Inter-Office Memorandum
ToFileDateSeptember 13, 1981
FromL. StewartLocationPalo Alto
SubjectVoice Project: AlternativesOrganizationCSL
XEROX
Filed on: <Audio>Doc>VPAlternatives.bravo
ALTERNATIVE ARCHITECTURES
We have identified alternative system approaches to voice. These differ (in various ways) in the area of transmission and switching and in the area of control. We believe that very nearly the same collection of functions can be provided through any of these approaches, but that the choice greatly affects the performance and elegance of those functions. We should not forget that eventually a difference in degree becomes a difference in kind: a system that takes 1/2 second to place a call is very different from a system that takes 10 seconds to place a call.
One can separate three sub-areas of voice work: telephony, filing, and system integration. Telephony has to do with the transmission of voice data, with the elementary control functions of placing calls, and with terminal equipment (hardware). It is in telephony that the architectures described below differ. Filing has to do with storage and retrieval of voice messages and with composition and editting capabilities. Integration has to do with advanced control facilities such as use of a data base to store telephone numbers, and with the manipulation of voice data in cooperation with our other activities. It is important to note that filing and some kinds of voice work could proceed with a voice system that is not combined with the telephone system. We could concentrate on voice editting and annotation and ignore telephony, but we think that there is a lot to be gained by the integration of telephony and filing.
1. Use the existing telephone system
The present CSL phone system provides a single direct dial number for each office and has a few value-added features such as call-forwarding and an attendant console. (One can forward calls to another number and one’s phone transfers to the attendent automatically after three rings.) The distinguishing features of this system are that control information is ``in-band’’, consisting of beeps and clicks on the voice channel, and that both voice and control information passes through conventional phone wires and through a central switch (exchange). These remarks also apply to most PABXs.
To use the transmission and switching facilities of the existing phone system and to provide control over its operation, we would build a device which would connect to a workstation and permit the machine to pick up and dial one’s office phone. In addition, we would need some number of voice I/O interfaces on server machines.
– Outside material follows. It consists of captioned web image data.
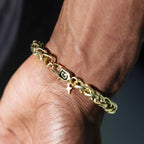 Palm Chain Bracelet in Yellow Gold - 8mm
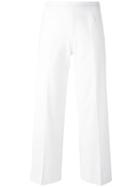 Piazza Sempione Flared Trousers - White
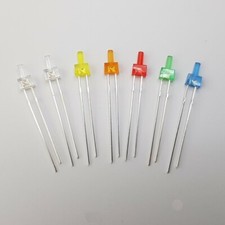 LED Tower 2mm langer Kopf Weiß Warmweiß Gelb Orange Rot Grün Blau  E8/F8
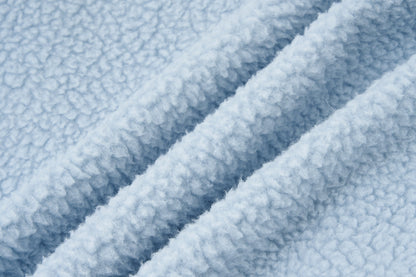13DE MARZO Marzo Valley Fleece Print Jacket Blue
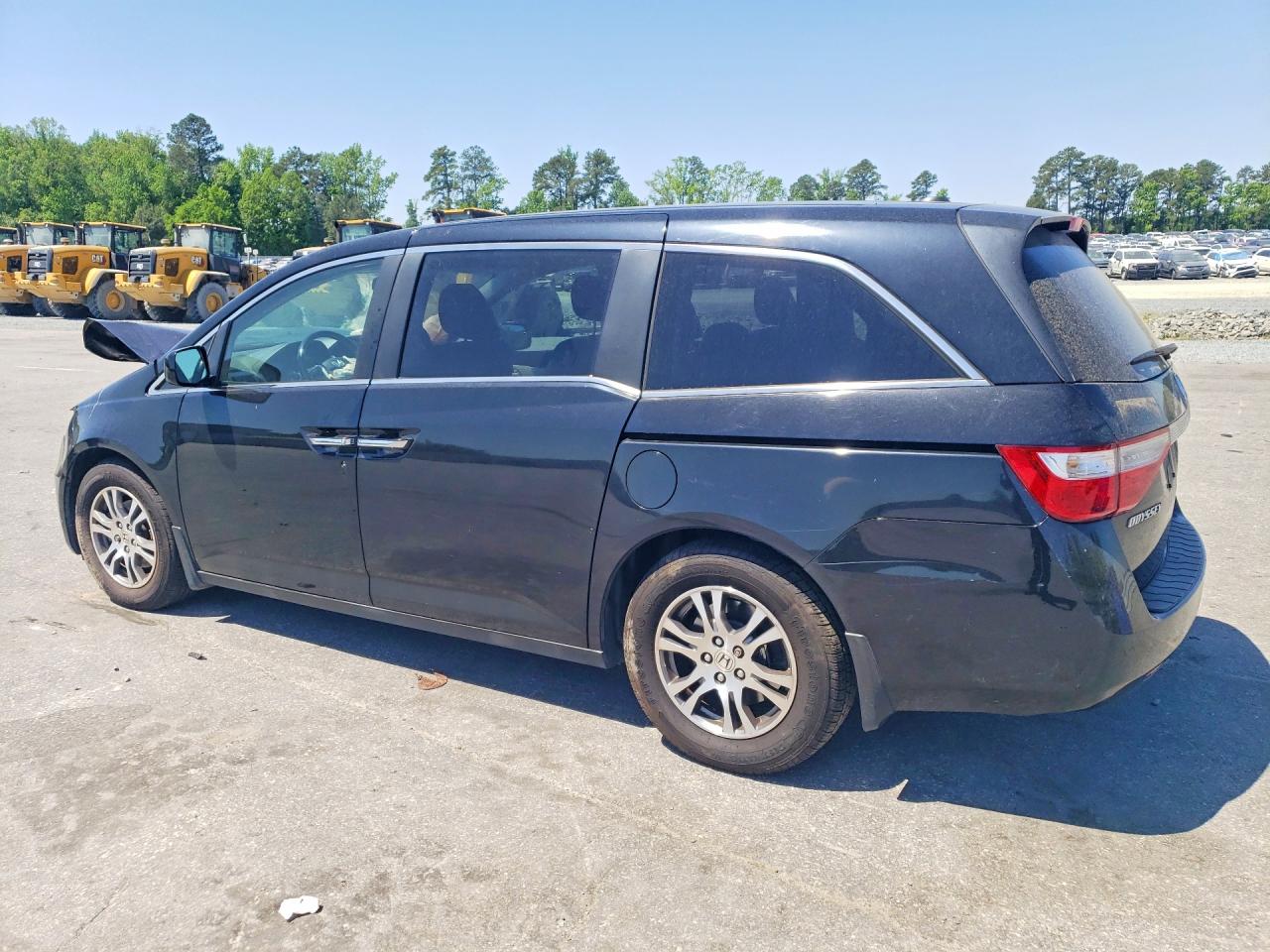 2012 Honda Odyssey Exl Black vin: 5FNRL5H62CB063742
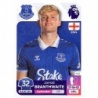Sticker of Jarrad Branthwaite Everton Cromos Premier League 2024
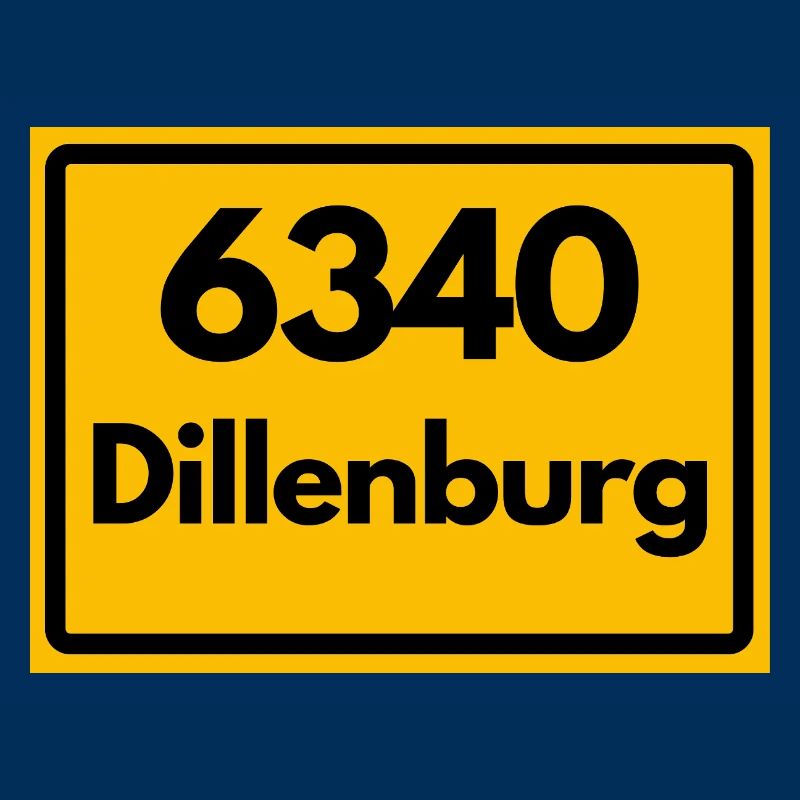 OLD POSTCODE POSTCODE RETRO 6340 DILLENBURG HEIMAT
The voice I/O device, in small numbers, would provide a way of getting voice on and off the Ethernet, where our programs can work with it, file it, and so on. The A/D and D/A conversions are provided by a server, rather than by one’s own voice terminal.
This system provides the capability for a number of really impressive systems: voice messages, voice annotation of documents, semi-automatic call placement, and so on. There are also some crippling disadvantages. Any voice recording or playback would require placing a call to one of the servers! Calls are placed by electrically picking up the office telephone and electronically generating beeps. This can be made to work, but is a slow and somewhat uncertain process. The progress of an attempted call is determined by the return of various noises over the voice path: ringing, dial-tone, busy, fast busy, etc. It is quite difficult for a machine to sort out these noises; they cannot be ignored because calls do not always get through. In addition, the placing of a call requires several seconds: one or two to dial the call, perhaps one for the system to connect a local call, and as many as six seconds for ringing to be detected at the destination. This means that for applications such as annotation of a document, one’s office phone is effectively tied up since we could not afford the overhead of setting up a call for playback of a 10 second segment.
Many of the call placement and call receipt functions, for calls within the system, could be handled by internet communication, one’s workstation could check if the callee’s phone was in use before placing a call. There would still be a small "window" through which other calls could creep. Functions like complex forwarding would be quite difficult, since we could use only the switching capabilities built into the standard phone system.
The essential difficulty with use of a standard telephone system is the lack of sufficiently fast and versatile control of the switching machinery.
Belleville is essentially following this strategy. His voice box is an audio interface for a workstation. His device includes a tape recorder so that low power workstations can control the operation of the voice peripheral without handling voice data directly. Higher power workstations also have access to the digitized voice.
2. Control of a PABX
We could replace our present telephone system with a commercial PABX and use one of our own computers to control it. D/A and A/D conversion functions for manipulation of voice-as-data would be done by servers, and call placement would be be done either by manually dialing one’s telephone or by having one’s workstation instruct the control computer to set up a call.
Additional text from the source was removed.